The gate is similar to many similar ones in China, complete with couplets in Chinese characters. But few Vietnamese can read them nowadays. Increasingly, the Chinese characters are replaced by the Romanized Vietnamese script. Only old temples still have Chinese characters.
People bring their children here to worship Confucius. To pray for success in studies. Thousands of people mill around, outside, inside, ... everywhere. We learn that many Vietnamese study Chinese in high school, and they know part of the history of Confucius. Vietnamese history is studied as part of history, but not as a separate subject. It seems many young Vietnamese may not be very familiar with the details.
Many traditional practices are alive and well. Two men place Chinese chess on a huge chessboard in open air right in front of the big hall where people worship Confucius. Chess is slow, and many of the spectators can not really follow the play. But many people watch intently.

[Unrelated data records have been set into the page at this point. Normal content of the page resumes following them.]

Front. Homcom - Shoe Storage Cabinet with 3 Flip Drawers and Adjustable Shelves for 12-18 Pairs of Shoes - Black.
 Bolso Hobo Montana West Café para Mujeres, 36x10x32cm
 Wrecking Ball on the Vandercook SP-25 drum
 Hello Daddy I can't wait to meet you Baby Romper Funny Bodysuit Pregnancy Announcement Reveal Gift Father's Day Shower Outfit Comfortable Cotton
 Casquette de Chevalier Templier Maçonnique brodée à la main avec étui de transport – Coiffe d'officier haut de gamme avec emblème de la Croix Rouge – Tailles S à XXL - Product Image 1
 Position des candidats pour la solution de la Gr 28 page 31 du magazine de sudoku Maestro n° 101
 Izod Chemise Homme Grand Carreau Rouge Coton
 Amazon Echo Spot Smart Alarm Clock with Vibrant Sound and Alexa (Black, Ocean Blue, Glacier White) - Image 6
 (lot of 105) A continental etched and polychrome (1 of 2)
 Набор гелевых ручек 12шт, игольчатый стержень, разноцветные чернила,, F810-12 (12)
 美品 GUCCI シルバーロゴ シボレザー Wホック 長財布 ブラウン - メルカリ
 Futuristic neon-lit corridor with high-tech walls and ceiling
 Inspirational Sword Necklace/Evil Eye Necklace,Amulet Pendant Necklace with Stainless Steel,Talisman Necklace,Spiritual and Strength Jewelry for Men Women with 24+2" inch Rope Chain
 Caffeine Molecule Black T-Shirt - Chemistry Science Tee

Many young people write their wishes on special red boards. It is probably safe to assume that many of the wishes are related to academic success.
Long lines form in front of the hall on the right of the main hall. It turns out to be people seeking calligraphy on, again, success in studies. Many of the people requesting the calligraphy do not look like students. Parents are often more concerned about the academic achievement of their children than their children themselves. It is the same for the Chinese.